The pattern behind the pattern
Twelve of the seventeen quirks share one shape: the API returns 2xx, the side effect is wrong, and there is no warning. That is the part that erodes trust in agentic systems faster than anything else. The unreliable layer in an agent stack is rarely the model; it is the surface the model writes to. Microsoft Graph is one of the more honest examples. It tells you it accepted your write, and that is true, but accepted is not committed, and committed is not visible.
The defensive posture that worked for us, after three weeks of this:
- Read your own write before acting on it. Always.
- Key on
internetMessageId, never onconversationIdalone. - Treat every 2xx as advisory. Reconcile against a GET.

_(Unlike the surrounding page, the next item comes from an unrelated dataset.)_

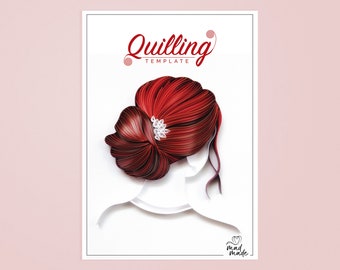 Paper quilling Template - Woman - Red - Elegant - Hair Style - Paper Craft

- Keep a separate scheduled job for token, subscription and delta-token refreshes. Do not nest them inside the webhook handler.
- Log the
request-idresponse header on every Graph call. When you open a Microsoft support ticket, it is the only thing they ask for.
Microsoft Graph’s failure mode is the silent 2xx. If your agent is not reading back its own writes, it is lying to you on a schedule.
What we shipped, after
When we built the inbox-triage AI agent for the Hengelo zakelijk-dienstverlener, the thing we ran into was that none of these quirks live in one document; they live in seventeen, half on learn.microsoft.com and half in old blog posts. We solved it by writing a reconciler that sits between every Graph call and our agent state, plus a nightly diff job that flags any mailbox where our local view drifted from Outlook’s.
If you are about to point an agent at Outlook for the first time: write the reconciler first, then the agent. Spend an afternoon today logging the request-id header on every Graph response in your prototype; you will need it within the week.
Key takeaway
Microsoft Graph's failure mode is the silent 2xx. If your agent is not reading back its own writes, it is lying to you on a schedule.
FAQ
Does the conversationId rotation happen on internal-only threads?
We only reproduced it on threads that had been forwarded outside the tenant at least once and crossed roughly forty messages. Pure-internal long threads stayed stable in our tests.
Can application permissions read shared-mailbox categories across delegates?
Yes, but the categories array is still per-delegate. Reading via app permissions returns the mailbox owner's list, not the union across delegates. You have to project a shared view yourself.
Is the 4 req/s burst limit documented anywhere?
Not publicly. We inferred it from the Retry-After headers on 429s and confirmed it with Microsoft support on the phone. The 10,000 per 10 minutes figure is the only number written down.
How do you renew a delta token before it expires at 30 days?
Stamp every token with a created-at timestamp and trigger a fresh delta run at day 25. There is no extend endpoint; you re-prime the cursor and discard the old token.
Is send-as worth the extra RBAC setup over send-on-behalf?
Only if the From header matters to recipients. Send-on-behalf shows 'X on behalf of Y' in most clients, which is fine for internal flows but reads as suspicious externally.